CAD remains a rare cause of lower-limb ischaemia, with a prevalence of 0.1% among patients with intermittent claudication.5 The exact aetiology of CAD is not known, although four theories about its pathogenesis have been postulated: trauma theory, ganglion theory, systemic disorder theory, and developmental theory.6
Historically, surgical treatment of CAD is preferred over endovascular or minimally invasive techniques owing to the considerably lower recurrence rates after surgery. The main surgical treatments are resection of the affected popliteal arterial segment with interposition of an autologous vein graft and cyst enucleation. Original articles and textbooks recommend popliteal artery resection with graft interposition only in the presence of arterial occlusion or involvement of the media2, 7; however, many vascular surgeons prefer this method even in cases in which the artery is not completely occluded.8
Percutaneous endovascular interventions, such as angioplasty and stenting, have been attempted, with unsatisfactory results. Endarterectomy and endovascular interventions do not directly address CAD, which originates from the adventitial layer of the artery. As a result, early recurrence is almost guaranteed to occur (as early as 8 h after treatment in some cases).2, 8 Only one case of CAD recurrence successfully treated with balloon angioplasty has been reported, in which the patient had previously undergone surgical excision.9 Nevertheless, in our case, the decision to perform interventional treatment was based on the patient’s history of percutaneous thrombectomy for the removal of a thrombus from the postoperative popliteal artery 2 months previously and on the misdiagnosis of thrombotic occlusion based on CTA findings. Angiography and Doppler US revealed an accompanying recurrence; however, it was difficult to perform surgery immediately and intravascular treatment was performed instead. We considered that the atherectomy device would destroy the cyst wall and consequently allow the drainage of internal fluids. However, the destruction of the cyst wall was insufficient even with atherectomy and balloon angioplasty, and CAD recurred the day after the procedure.

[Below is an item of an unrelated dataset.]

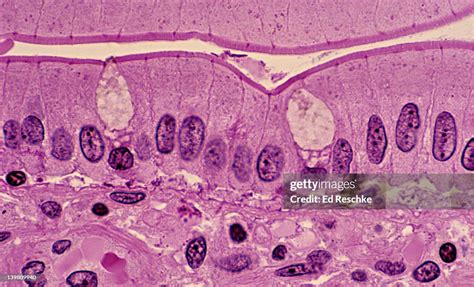 Simple Columnar Epithelium Small Intestine Supporting Connective Tissue ...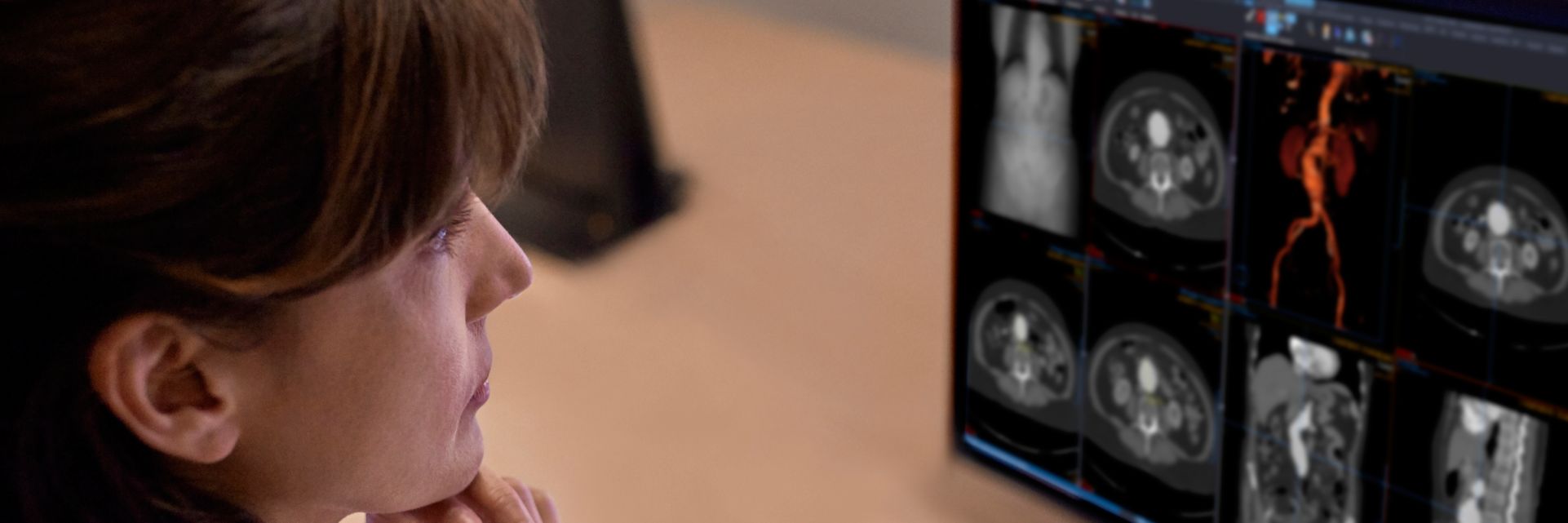 Radiology informatics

This is the first reported case in which atherectomy was performed for recurrent CAD. Our experience showed that endovascular treatment is not satisfactory for CAD recurrence, even with atherectomy. Although recurrence after the primary surgical treatment of CAD remains rare, similar symptoms may be observed once it occurs. The application of atherectomy was found to be unsatisfactory in this case. This report highlights the pitfalls which can be avoided by selecting surgical resection as a therapeutic approach.